83

I get the following error when trying to ls *.txt | wc -l a directory that contains many files:

-bash: /bin/ls: Argument list too long

Does the threshold of this "Argument list" dependent on distro or computer's spec? Usually, I'd pipe the result of such big result to some other commands (wc -l for example), so I'm not concerned with limits of the terminal.

zahypeti
  • 117

5 Answers5

86

Your error message argument list too long comes from the * of ls *.txt.

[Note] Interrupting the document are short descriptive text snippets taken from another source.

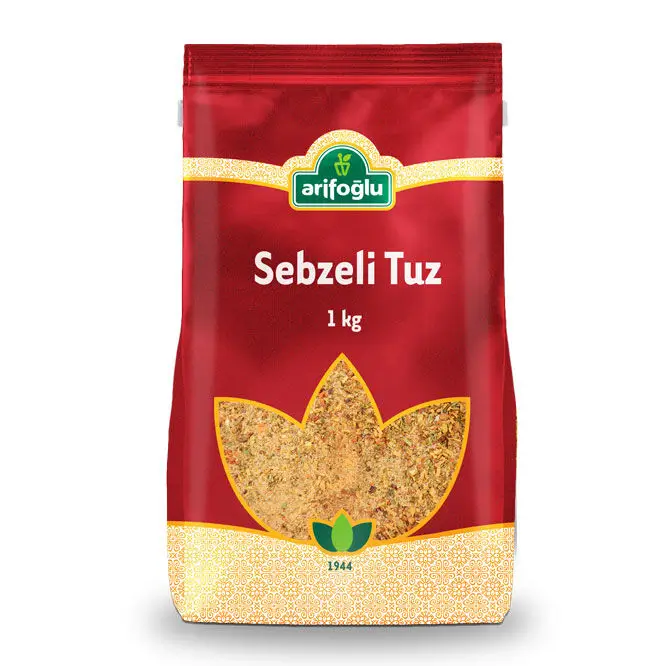 Sebzeli Tuz 1000g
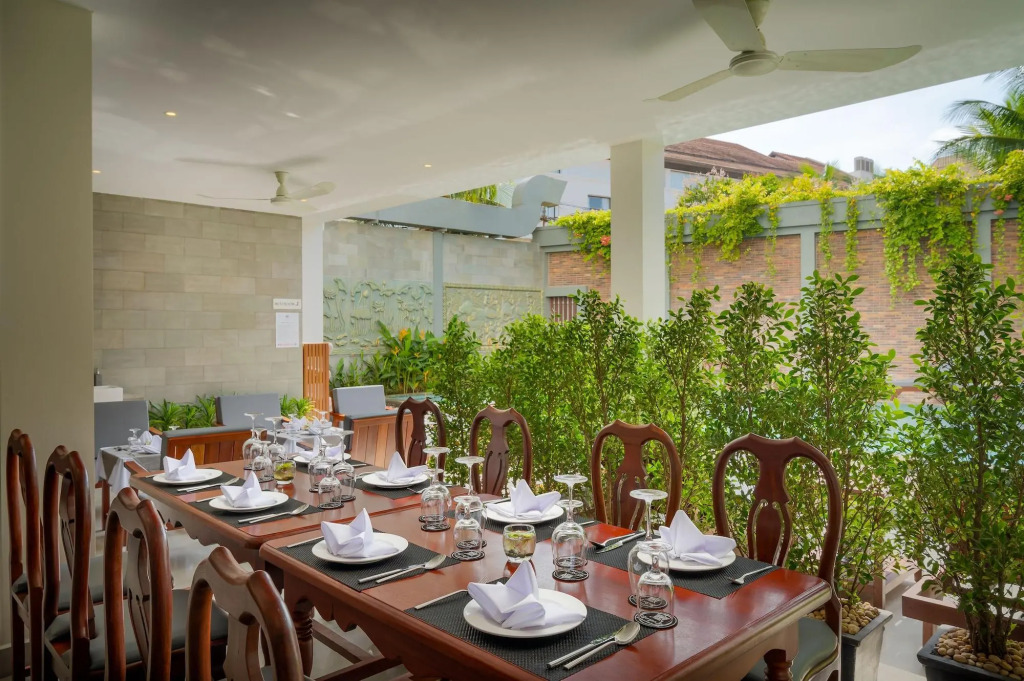 Mony Reach Angkor Hotel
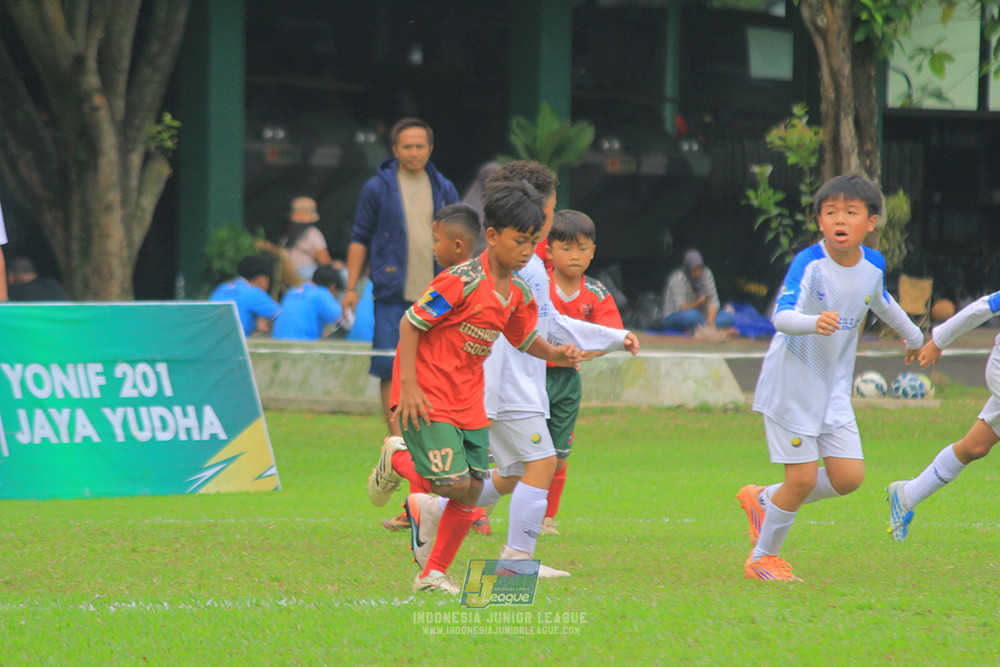 ijl u9 310526 brazillian ss senayan vs wiradhika soccer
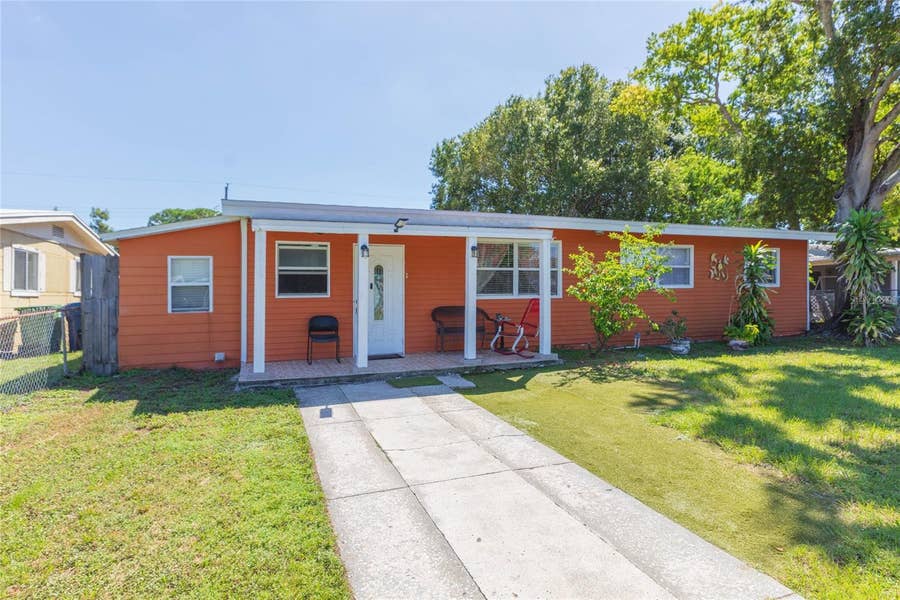 Property photo for 4416 W TRILBY AVENUE, Tampa, FL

This limit is a safety for both binary programs and your Kernel. See ARG_MAX, maximum length of arguments for a new process for more information about it, and how it's used and computed.

There is no such limit on pipe size. So you can simply issue this command:

find -type f -name '*.txt'  | wc -l

NB: On modern Linux, weird characters in filenames (like newlines) will be escaped with tools like ls or find, but still displayed from *. If you are on an old Unix, you'll need this command

find -type f -name '*.txt' -exec echo \;  | wc -l

NB2: I was wondering how one can create a file with a newline in its name. It's not that hard, once you know the trick:

touch "hello
world"
Coren
  • 5,010
17

It depends mainly on your version of the Linux kernel.

You should be able to see the limit for your system by running

getconf ARG_MAX

which tells you the maximum number of bytes a command line can have after being expanded by the shell.

In Linux < 2.6.23, the limit is usually 128 KB.

In Linux >= 2.6.25, the limit is either 128 KB, or 1/4 of your stack size (see ulimit -s), whichever is larger.

See the execve(2) man page for all the details.


Unfortunately, piping ls *.txt isn't going to fix the problem, because the limit is in the operating system, not the shell.

The shell expands the *.txt, then tries to call

exec("ls", "a.txt", "b.txt", ...)

and you have so many files matching *.txt that you're exceeding the 128 KB limit.

You'll have to do something like

find . -maxdepth 1 -name "*.txt" | wc -l

instead.

(And see Shawn J. Goff's comments below about file names that contain newlines.)

Mikel
  • 57,299
  • 15
  • 134
  • 153
  • Could you explain what the . and the -maxdepth 1 mean in the last line? Thanks! :D – Guilherme Salomé Jun 27 '17 at 15:41
  • 2
    @GuilhermeSalomé . means current directory, -maxdepth 1 means it doesn't look in subdirectories. This was intended to match the same files as *.txt. – Mikel Jun 28 '17 at 00:33
14

Another workaround:

ls | grep -c '\.txt$'

Even though ls produces more output than ls *.txt produces (or attempts to produce), it doesn't run into the "argument too long" problem, because you're not passing any arguments to ls. Note that grep takes a regular expression rather than a file matching pattern.

You might want to use:

ls -U | grep -c '\.txt$'

(assuming your version of ls supports this option). This tells ls not to sort its output, which could save both time and memory -- and in this case the order doesn't matter, since you're just counting files. The resources spent sorting the output are usually not significant, but in this case we already know you have a very large number of *.txt files.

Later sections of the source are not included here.